Hours later after the worship, I was reviewing the words I’ve said. I prayed to God,Lord, please help me. Show to them that you are with me and that my words are from you. Show to them that you love those who keep your commandments. But if it isn’t your will I would accept that just like I have accepted the failures I have been through along the way before I got here.”

The contest came, in my thoughts were the promises of God. I kept on praying for His help. The gymnasium was so crowded with different contestants from different regions of the country. I cant count them one by one. We were given 1 hour to watch a  game and then 1 hour to write the news about it in  separated rooms. With an empty stomach, I finished my output 5 minutes before the due.

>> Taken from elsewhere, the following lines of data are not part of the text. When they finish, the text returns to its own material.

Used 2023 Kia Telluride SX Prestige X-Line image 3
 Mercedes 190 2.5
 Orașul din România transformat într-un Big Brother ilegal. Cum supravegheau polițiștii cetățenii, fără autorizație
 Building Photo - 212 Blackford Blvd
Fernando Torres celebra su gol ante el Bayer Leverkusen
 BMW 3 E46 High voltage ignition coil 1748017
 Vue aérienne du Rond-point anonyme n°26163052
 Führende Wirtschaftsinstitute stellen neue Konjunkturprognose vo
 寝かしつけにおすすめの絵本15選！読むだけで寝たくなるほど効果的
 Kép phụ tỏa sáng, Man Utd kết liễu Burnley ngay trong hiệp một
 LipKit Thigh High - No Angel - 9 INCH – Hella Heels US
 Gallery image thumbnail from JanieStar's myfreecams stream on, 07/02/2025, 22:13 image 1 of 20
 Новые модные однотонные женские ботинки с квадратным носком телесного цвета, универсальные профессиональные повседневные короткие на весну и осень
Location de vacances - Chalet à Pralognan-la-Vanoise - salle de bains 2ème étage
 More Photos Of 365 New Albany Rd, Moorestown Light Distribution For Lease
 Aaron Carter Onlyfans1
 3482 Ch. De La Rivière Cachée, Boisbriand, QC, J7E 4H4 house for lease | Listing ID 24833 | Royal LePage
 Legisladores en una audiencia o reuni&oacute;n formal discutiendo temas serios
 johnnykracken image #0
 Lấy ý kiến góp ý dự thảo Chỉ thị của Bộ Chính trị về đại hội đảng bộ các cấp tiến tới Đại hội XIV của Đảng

Upon arriving at the building where the students were accomodated, the Regional Director announced that for the first time they will ask for help from the Division Office. The Regional office (for the first time) will no longer shoulder the fare going back to our place (Misamis Occidental) due to financial shortage. So the tickets were rebooked and we have new tickets. Instead of via Cagayan, we have to sail via Ozamis this time since it is one of the cities of Misamis Occidental ( nearer).

We were in the sea port while the awarding was going on in the huge auditorium in Sta Cruz, Laguna, Philippines. A text message came to one of the teachers (I don’t have a cellphone that time). It states, “Champion, Sportswriting, Novilene. Congrats!” After hearing that, the first thing came to my mind was the Deut 28:13. I thank God so much. I heard them saying, “She won because she kept the commandments of God. Have you observed that she was always reading her Bible, indeed, God helped her.” I told them, “It wasn’t me, To Him be the glory.” God did not want me to be ashamed of the words I shared to them the night before the contest. I remember the contest between Prophet Elijah in Mount Carmel. At the end, God showed to the people the truth.

Finally, we got on board. Some of the students and teachers were no longer with us almost half of them are boarding at the other ship, the Superferry 14 (the first ship in which our ticket was booked). Around 5am, I heard the news from the national television that Superferry 14 is in tragedy. It has bombed in it at the tourist accomodation (my ticket was tourist accomodation). It burned the entire ship. Some of the news about the Superferry 14 of February 2004 tragedy is found in  http://www.newsflash.org/2004/02/hl/hl100123.htm

Everything in our life is God’s will. I learned not to complain during failures. During trying hours I just prayed to Him for strength. If the ticket was not rebooked by the Regional director, I should be one of the victims in that tragedy. Some of the students were missing until now. My life is in God’s hand. I know He has a plan for me.

He made me the head and not the tail in a national writing contest and He saved my life from the tragedy because I keep His commandments.

Later, I heard that competition is not good. Especially in the classroom because it might cultivate a pride in the heart and that invites sin. I always bear in my mind and heart that the success of that event was from God and not from my own strength. Without Him I’m nothing.

Whenever man accomplishes anything, whether in spiritual or temporal lines, he should bear in mind that he does it through cooperation with his Maker. There is great necessity for us to realize our dependence on God. Too much confidence is placed in man, too much reliance on human inventions lead us to the road of perdition and if there is too little confidence in the power which God stands ready to give. “We are laborers together with God.” 1 Cor. 3:9. Immeasurably inferior is the part which the human agent sustains; but if he is linked with the divinity of Christ, he can do all things through the strength that Christ imparts. COL 28.

The news spread throughout the province. I just replied, “It was Jesus Christ who helped me, not me alone!”

p.s
Thank you so much for the website www.remnantofgod.org. It helped me a lot in spreading the truth to my classmates and friends. the quotes I needed were  all there.